» **DATA SEGMENT**:
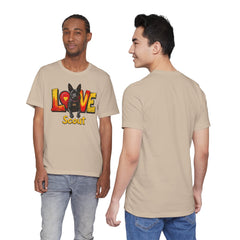 Personalized Love Your Dog T-Shirt — Designed with your dogs name and picture Graphic Tee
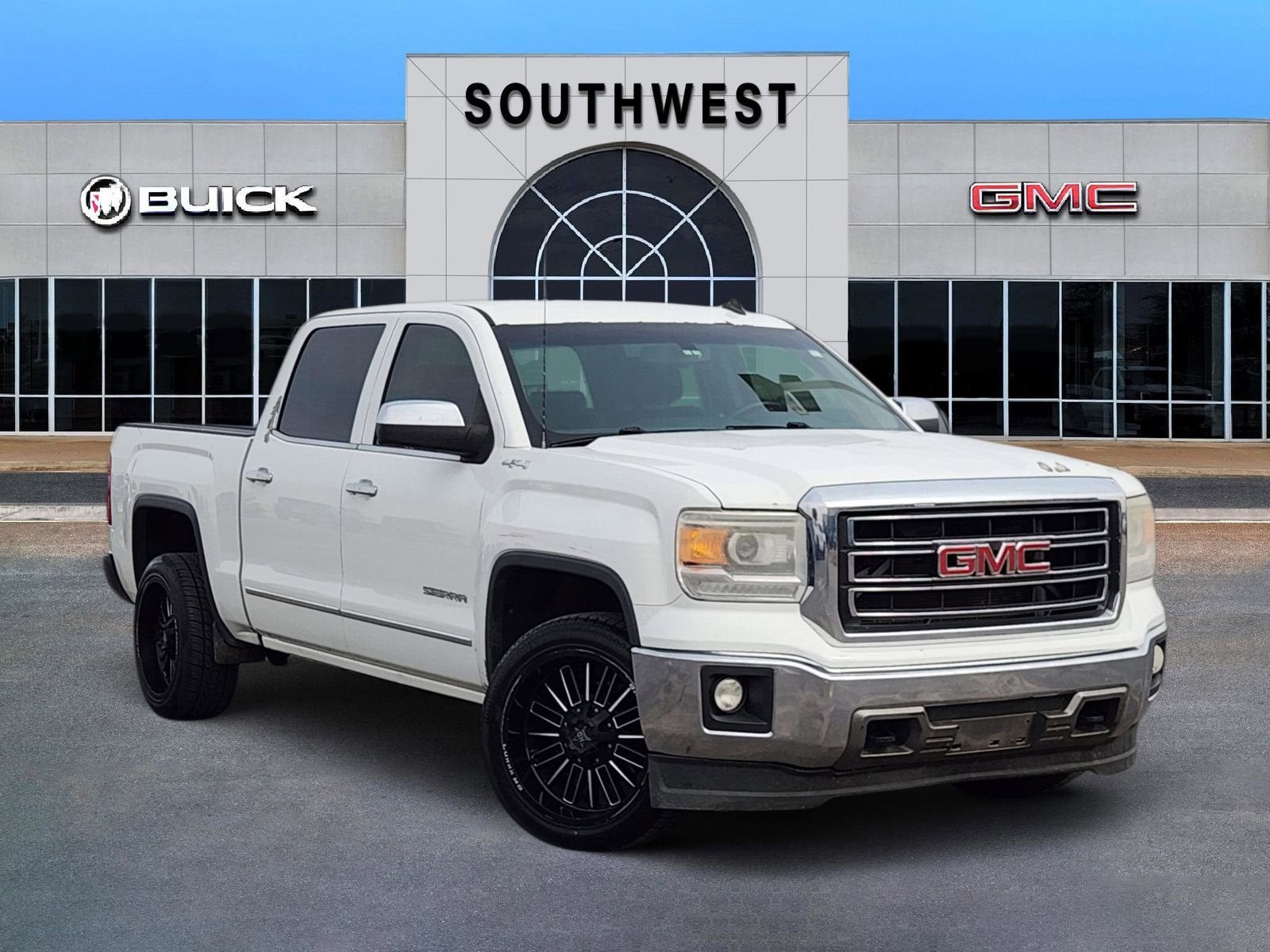 2014 GMC Sierra 1500 SLT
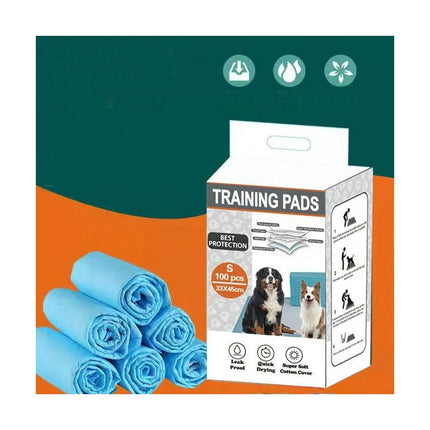 Disposable Dog Pee Pads, Super Absorbent Leakproof Puppy Pads Quick Drying, Potty Dog Training Pads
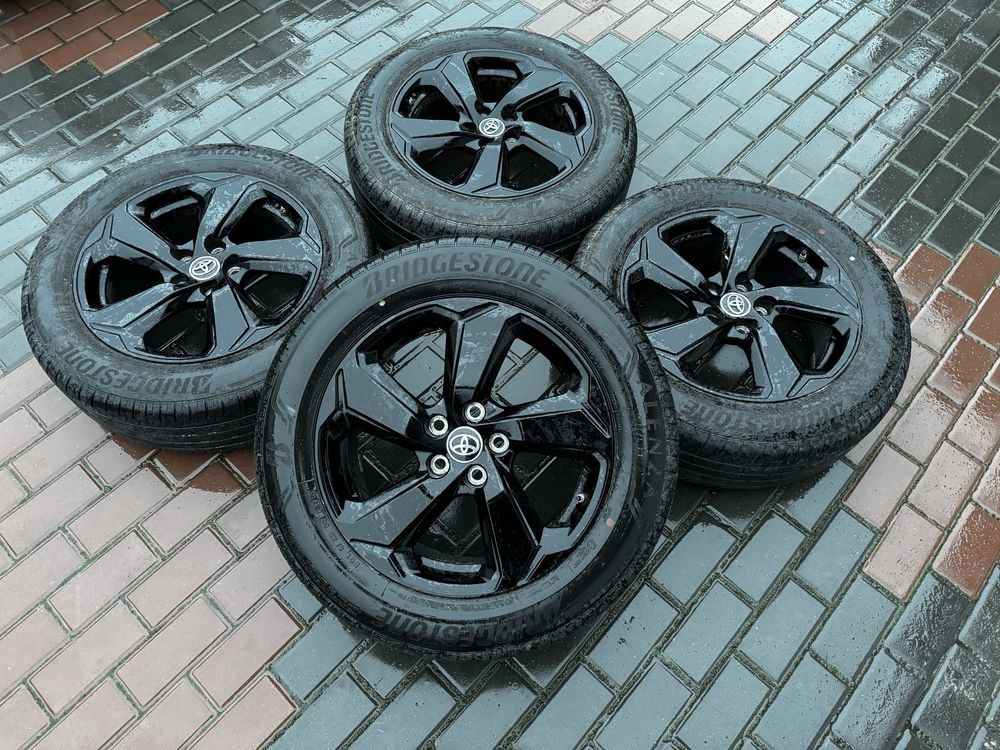 Toyota RAV4 2020 Диски з резиною BRIDGESTONE 225/60 R18. В НАЯВНОСТІ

» **EXERCISE AIM**: Write every line of the data out again exactly, leaving out all images.

» **FINAL ANSWER**:
 Personalized Love Your Dog T-Shirt — Designed with your dogs name and picture Graphic Tee
 2014 GMC Sierra 1500 SLT
 Disposable Dog Pee Pads, Super Absorbent Leakproof Puppy Pads Quick Drying, Potty Dog Training Pads
 Toyota RAV4 2020 Диски з резиною BRIDGESTONE 225/60 R18. В НАЯВНОСТІ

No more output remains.